Police want to speak to Anne Sacoolas, whose husband worked for the CIA at the RAF Croughton airbase in Northamptonshire, after 19-year-old motorcyclist Harry Dunn was killed by a car owned by her and reported to have been driving on the wrong side of the road, in August last year.
RAF Croughton is used as a US communications facility, and the US government has previously argued that the treaty relating to the base gives diplomatic immunity to all family and staff associated with it.
Two weeks after the incident Sacoolas was allowed to leave the country, with the knowledge of the British Foreign Office, and an attempt to extradite her failed with the US State Department saying: “At the time the accident occurred, and for the duration of her stay in the UK, the US citizen driver in this case had immunity from criminal jurisdiction.

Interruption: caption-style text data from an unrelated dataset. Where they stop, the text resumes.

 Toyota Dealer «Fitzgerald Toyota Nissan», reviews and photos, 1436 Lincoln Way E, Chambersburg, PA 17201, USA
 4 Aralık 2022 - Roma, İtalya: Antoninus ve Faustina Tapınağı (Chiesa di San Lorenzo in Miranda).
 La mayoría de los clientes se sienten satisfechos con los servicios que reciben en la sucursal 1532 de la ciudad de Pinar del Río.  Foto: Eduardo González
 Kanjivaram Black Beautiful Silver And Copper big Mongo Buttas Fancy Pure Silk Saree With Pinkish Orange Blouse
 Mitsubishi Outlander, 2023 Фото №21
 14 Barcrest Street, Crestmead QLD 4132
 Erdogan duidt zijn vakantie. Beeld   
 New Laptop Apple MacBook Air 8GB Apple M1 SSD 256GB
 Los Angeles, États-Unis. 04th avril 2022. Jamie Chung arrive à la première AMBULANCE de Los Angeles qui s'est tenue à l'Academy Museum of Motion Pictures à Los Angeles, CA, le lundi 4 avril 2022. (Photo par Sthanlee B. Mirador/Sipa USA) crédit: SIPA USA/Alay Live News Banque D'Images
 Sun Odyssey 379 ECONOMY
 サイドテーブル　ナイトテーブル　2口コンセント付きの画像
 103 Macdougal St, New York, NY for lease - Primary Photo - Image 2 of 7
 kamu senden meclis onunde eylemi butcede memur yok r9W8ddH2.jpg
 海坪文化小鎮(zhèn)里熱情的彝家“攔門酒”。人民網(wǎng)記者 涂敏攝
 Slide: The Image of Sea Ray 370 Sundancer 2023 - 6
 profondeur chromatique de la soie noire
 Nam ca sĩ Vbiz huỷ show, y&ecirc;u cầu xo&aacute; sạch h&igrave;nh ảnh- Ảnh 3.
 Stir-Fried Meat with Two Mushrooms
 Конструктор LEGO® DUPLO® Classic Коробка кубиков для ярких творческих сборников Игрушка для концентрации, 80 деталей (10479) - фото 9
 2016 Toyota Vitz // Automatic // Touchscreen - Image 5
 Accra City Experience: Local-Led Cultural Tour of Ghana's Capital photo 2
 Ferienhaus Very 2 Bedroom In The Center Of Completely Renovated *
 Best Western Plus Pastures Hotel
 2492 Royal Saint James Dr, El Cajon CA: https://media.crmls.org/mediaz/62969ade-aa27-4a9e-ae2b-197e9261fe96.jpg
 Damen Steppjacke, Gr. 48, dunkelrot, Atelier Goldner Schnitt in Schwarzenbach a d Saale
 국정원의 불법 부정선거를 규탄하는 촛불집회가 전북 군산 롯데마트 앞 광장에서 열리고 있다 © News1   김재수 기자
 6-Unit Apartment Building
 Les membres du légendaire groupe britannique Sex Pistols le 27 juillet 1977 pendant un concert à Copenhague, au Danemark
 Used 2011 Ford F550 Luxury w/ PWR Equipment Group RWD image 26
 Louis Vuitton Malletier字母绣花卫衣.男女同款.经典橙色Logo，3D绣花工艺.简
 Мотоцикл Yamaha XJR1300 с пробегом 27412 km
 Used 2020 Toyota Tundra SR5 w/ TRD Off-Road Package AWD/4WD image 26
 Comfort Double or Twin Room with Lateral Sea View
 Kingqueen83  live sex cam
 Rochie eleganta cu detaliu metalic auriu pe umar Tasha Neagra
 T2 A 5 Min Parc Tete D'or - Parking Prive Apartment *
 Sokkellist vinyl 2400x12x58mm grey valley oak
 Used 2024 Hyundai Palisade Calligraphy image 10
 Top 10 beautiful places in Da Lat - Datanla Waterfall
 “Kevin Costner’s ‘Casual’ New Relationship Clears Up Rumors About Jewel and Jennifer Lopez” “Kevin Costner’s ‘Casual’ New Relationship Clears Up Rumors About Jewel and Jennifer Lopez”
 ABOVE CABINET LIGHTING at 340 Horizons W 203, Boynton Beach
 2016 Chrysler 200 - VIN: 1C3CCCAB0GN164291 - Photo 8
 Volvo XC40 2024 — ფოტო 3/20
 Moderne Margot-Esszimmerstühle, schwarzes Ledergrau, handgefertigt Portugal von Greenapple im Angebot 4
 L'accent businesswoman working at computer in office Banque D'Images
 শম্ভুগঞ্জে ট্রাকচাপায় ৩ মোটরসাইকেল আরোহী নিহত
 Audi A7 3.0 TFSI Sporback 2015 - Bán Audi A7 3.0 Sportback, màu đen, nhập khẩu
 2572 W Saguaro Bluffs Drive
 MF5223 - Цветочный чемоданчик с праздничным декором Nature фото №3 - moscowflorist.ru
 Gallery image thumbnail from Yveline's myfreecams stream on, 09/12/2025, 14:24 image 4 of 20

“If the United States were to grant the UK’s extradition request, it would render the invocation of diplomatic immunity a practical nullity and would set an extraordinarily troubling precedent.”
The victim’s parents even visited the White House to plead with US President Donald Trump, who instead suggested compensation and the possibility of them meeting Sacoolas.
But following confirmation by Northamptonshire police that the international notice had been issued, Dunn family lawyer Radd Seiger said things had changed significantly.
“Red notices would not be served on valid diplomats,” he said. “It means she would be arrested if she sought to leave the United States.”
“Be in no doubt, this means she is coming back,” he told Sky News. “The relevance of this is she is now a fugitive on the run. She can never set foot outside the United States again without being arrested.”
Dunn’s mother Charlotte Charles called the news “a big step in the right direction”.
“We still feel we’ve got a way to go, but Anne Sacoolas needs to realise that she needs to come back now. It’s time,” she added.
“She should never have gone back in the first place to the USA and she needs to come back and give us an opportunity to start to rebuild our lives.”
An international wanted person’s notice is significant, but it does not carry the same weight as an arrest warrant, as Interpol cannot compel national law agencies to follow it through, with each country having to decide what legal authority it carries. Last year, almost 14,000 red notices were issued worldwide.